◆ **Task to carry out**: Repeat only the lines below that run from the line with "JUICY COUTURE Black" to the line with "Bed Frame Beige", ends included; skip every picture.

◆ **Supplied entries**:
- Opening Delimiter -

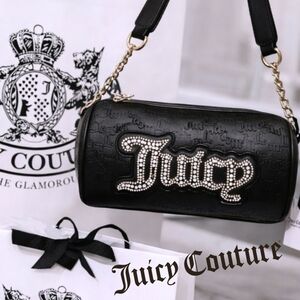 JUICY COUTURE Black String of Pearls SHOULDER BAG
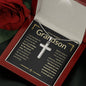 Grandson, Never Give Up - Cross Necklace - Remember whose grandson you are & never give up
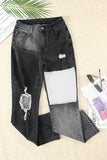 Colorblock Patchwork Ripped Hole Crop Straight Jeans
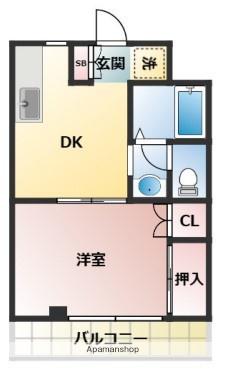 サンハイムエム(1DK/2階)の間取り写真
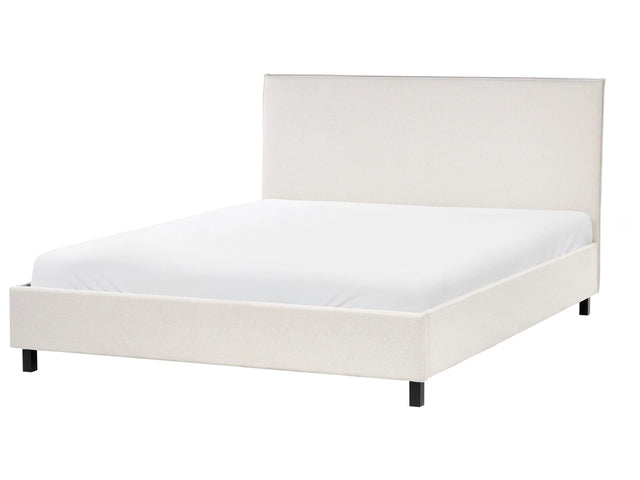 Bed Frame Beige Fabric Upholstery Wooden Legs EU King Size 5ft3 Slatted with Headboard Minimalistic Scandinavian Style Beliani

- Closing Delimiter -
- Opening Delimiter -

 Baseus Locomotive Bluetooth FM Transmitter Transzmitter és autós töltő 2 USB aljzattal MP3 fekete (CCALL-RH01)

- Closing Delimiter -

◆ **Response to this exercise**:
 JUICY COUTURE Black String of Pearls SHOULDER BAG
 Grandson, Never Give Up - Cross Necklace - Remember whose grandson you are & never give up
 Colorblock Patchwork Ripped Hole Crop Straight Jeans
 サンハイムエム(1DK/2階)の間取り写真
 Bed Frame Beige Fabric Upholstery Wooden Legs EU King Size 5ft3 Slatted with Headboard Minimalistic Scandinavian Style Beliani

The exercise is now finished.